Collage of a young Black student's eye, school hallway with security guard, notebook

Dialogue

Abolitionist Theology Can Help Us Reimagine Schooling

Illustration by Mark Harris

By Ashley Y. Lipscomb

I’ll never forget the moment I was facilitating a focus group for high school students and one of them, a Black student, took a deep breath and with an exhale said, “Especially in middle school, and in elementary school, too, but I think it worsened in middle school, I definitely wanted to be white. Like, I’m gonna be honest, I wanted to be white.” I have facilitated several focus groups with students, but this is the one moment that sticks to my grieving soul. As a Black woman, I know that feeling, but as an educator, I hoped that schools would never make a child feel like this in 2022. Looking at that student, I had no words. My grief whispered, “What have we done?” and my rage screamed, “Burn this shit down!”

To hear a student say, “I’m still struggling with accepting myself even now” should dishearten us all. According to UCLA Health, the second-leading cause of death for young people ages 15–24 is suicide.1 These numbers are rising. I ask us to consider how we have gotten here. How have we not listened to the hearts of students who want to be loved and accepted? How have we let bigotry and baseless fears over critical race theory, banning books, and the like distort what is most important—loving students? How did we do this? Who is responsible? We all are. As an educator in public schools, I used to think I had to be strict and make students respect me, because that is how they will learn. I was trained to get students to be more compliant and that when they exhibit “deviant” behavior, they must be punished, isolated, and face harsh consequences.

Unfortunately, I thought this way for my first few years of teaching, even though it never felt like me. My blackness always made me feel inferior, even as a teacher; I would laugh at the racist jokes and be overly nice to the racist staff members, so they knew not all Black people are bad. All of the code-switching and shrinking were murdering my spirit and the spirits of my students.

Then, one day something shifted in me.
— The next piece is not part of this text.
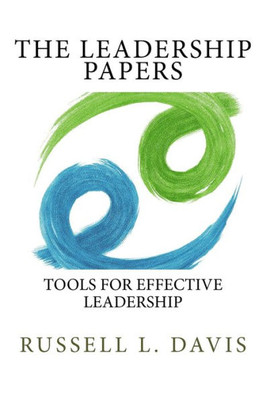 The Leadership Papers : Tools For Effective Leadership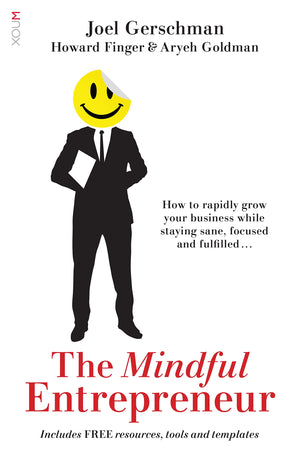 The Mindful Entrepreneur: How to rapidly grow your business while staying sane, focused and fulfilled,Used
I decided to stop shrinking and be my authentic self. I spoke up when high student discipline rates were blamed on students and families and not on the predominately white staff that struggled to make connections with their students of the global majority, I spoke up when those same students should have been in my honors language arts class, but they weren’t because they had a little too much “attitude,” and I spoke up when my students asked me to advocate on their behalf. My journey home to myself as a loving educator had been ignited and I knew there was more to explore. I felt complicit in the systems that further harmed students, so I applied and was admitted to Harvard Divinity School, where I sought to explore ways to reduce harm in my own teaching practices inside and outside of the classroom.

Studying racial healing and justice in schools, I learned that there is an insidious poison distorting the ways schools operate—Christian supremacy. White Christian supremacist nationalism continues to have a chokehold on our schools, policies, government, and institutions. Christian supremacy in schools is not a new phenomenon. At their inception, schooling institutions were founded with the mission of conversion and assimilation into white Christianity. Historically, we know that Indigenous children were taken from their families and forced into boarding schools. These boarding schools aided in what Dorothy Roberts, author of Torn Apart, calls “the ongoing white supremacist nation-building project.”2 This project’s foundational logic is punitive and carceral.

In her article “Penitence, Plantation and the Penitentiary: A Liberation Theology for Lockdown America,” Nikia Smith Robert calls us to acknowledge the ways atonement models of the early church in the East and West set the premise of Christian interpretation to be punitive and to employ carceral logics.3 We have allowed atonement models to make us believe that, as human beings, we are inherently deserving of punishment and should be sacrificed to state-sanctioned violence to atone for our sins. Unfortunately, these models have permeated our schools and continue to sacrifice our most brilliant, beautiful, and vulnerable students. Betinna Love’s abolitionist teaching and educational freedom dreaming work discuss the ways schools mirror society and the punitive and carceral logics that are deeply embedded in the policies and practices of schooling institutions.4 These logics are choking students, educational practitioners, leaders, and communities that cannot thrive in these conditions.

For example, Khalil Abdur-Rashid, the first full-time Muslim chaplain at Harvard University, was a featured panelist at a convening of the Leadership Institute for Faith and Education that I attended. He asked educators and school leaders in attendance to consider how their rigid punitive structures would impede the thriving of Muslim students who are fasting during Ramadan. From sunup until sundown, Muslim students observing Ramadan do not eat or drink, which could make them more lethargic and distracted. “Instead of punishing them for falling asleep or missing an assignment, how can schooling institutions be more intentional about supporting these students?” he asked the attendees. Our Muslim students, educators, and families in the United States already feel they live in a world that punishes them for existing. Does that punishment have to continue in our schools?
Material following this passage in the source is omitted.